En conclusion, Feuerbach nie la profonde réalité des choses et les faits historiques. Sa philosophie est l’exemple même de ces pensées abstraites qui veulent supplanter la réalité. Elle construit un homme abstrait et explique sa manière de penser afin d'imposer sa propre conception des choses. Dans les principes mêmes de sa philosophie, Dieu est déjà rejeté. Comment Dieu peut-Il alors revenir dans un système qui l’a déjà exclu ? Banni de son monde, il est alors naturellement considéré comme invention humaine. Dans la philosophie profondément athée de Feuerbach, nous voyons une tendance bien réelle, le désir de l’homme de se faire dieu.
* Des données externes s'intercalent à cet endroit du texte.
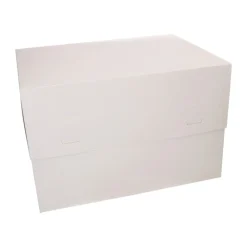 Wilton Taartdoos Verstelbare Hoogte 40x30x20-28cm* Taartdozen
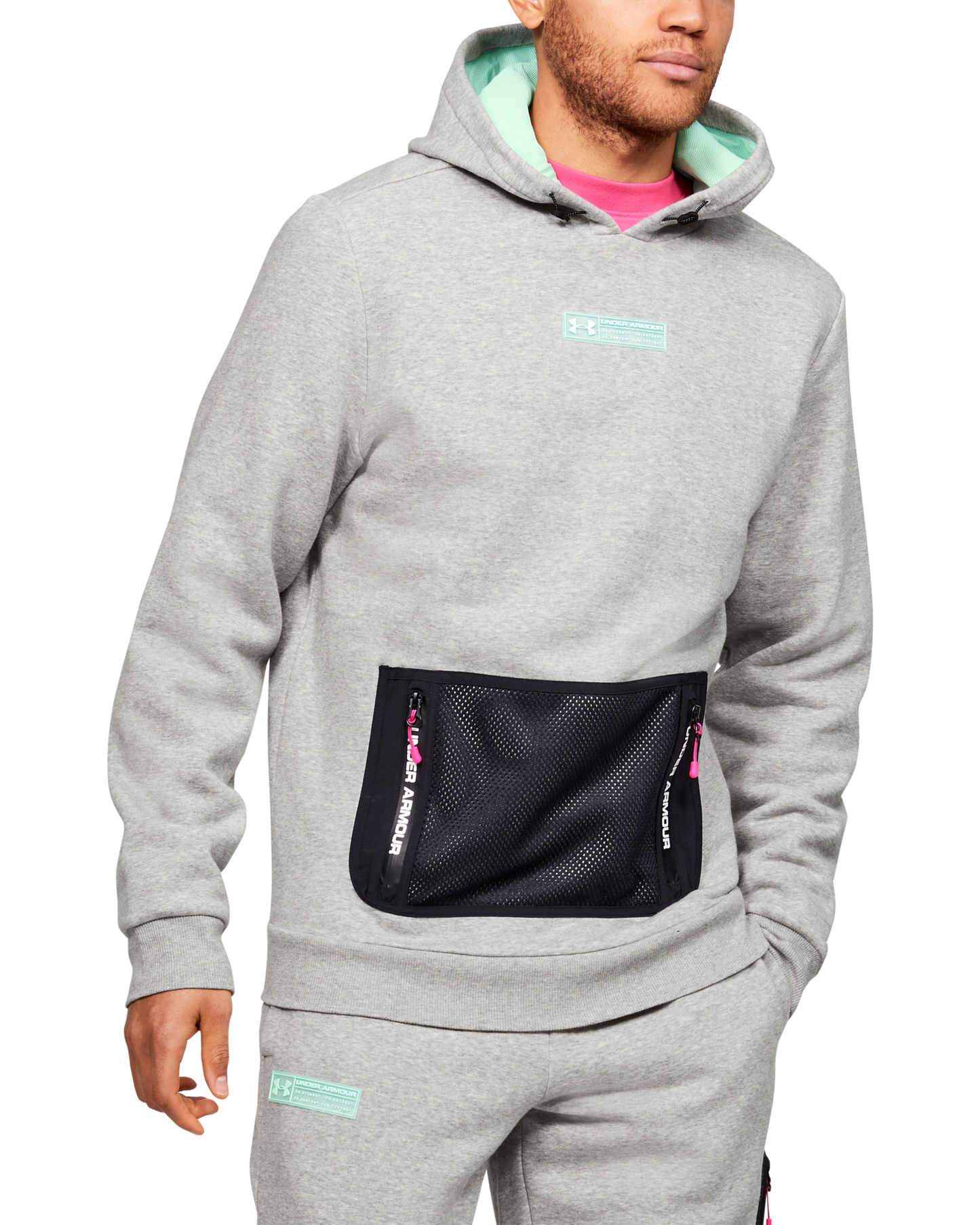 Men's UA Summit Rival Fleece Hoodie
Et quel plus grand danger de se concevoir un dieu afin de devenir son propre dieu ? Cela conduit à la mort de l’homme…
Références
[1] Feuerbach, Pensée sur la Mort et l’Immortalité, édition du Cerf, 1991 cité dans Ludwig Feuerbach : la religion de l’Homme, Anne Durand, Trajectoires, 2 | 2008, mis en ligne le 16 décembre 2009, consulté le 23 juillet 2014, http://trajectoires.revues.org/213.
[2] Sauf exception, les citations sont tirées de l'Essence du christianisme de Feuerbach, traduit par Joseph Roy, 1864, accessible via http://books.google.com.
[3] Feuerbach, L’essence du christianisme, Préface.
[4] Karl Marx, Manuscrits de 1844, Flammarion, 1996 cité dans Feuerbach : la religion de l’Homme, Anne Durand.
[5] Anne Durand, Feuerbach : la religion de l’Homme.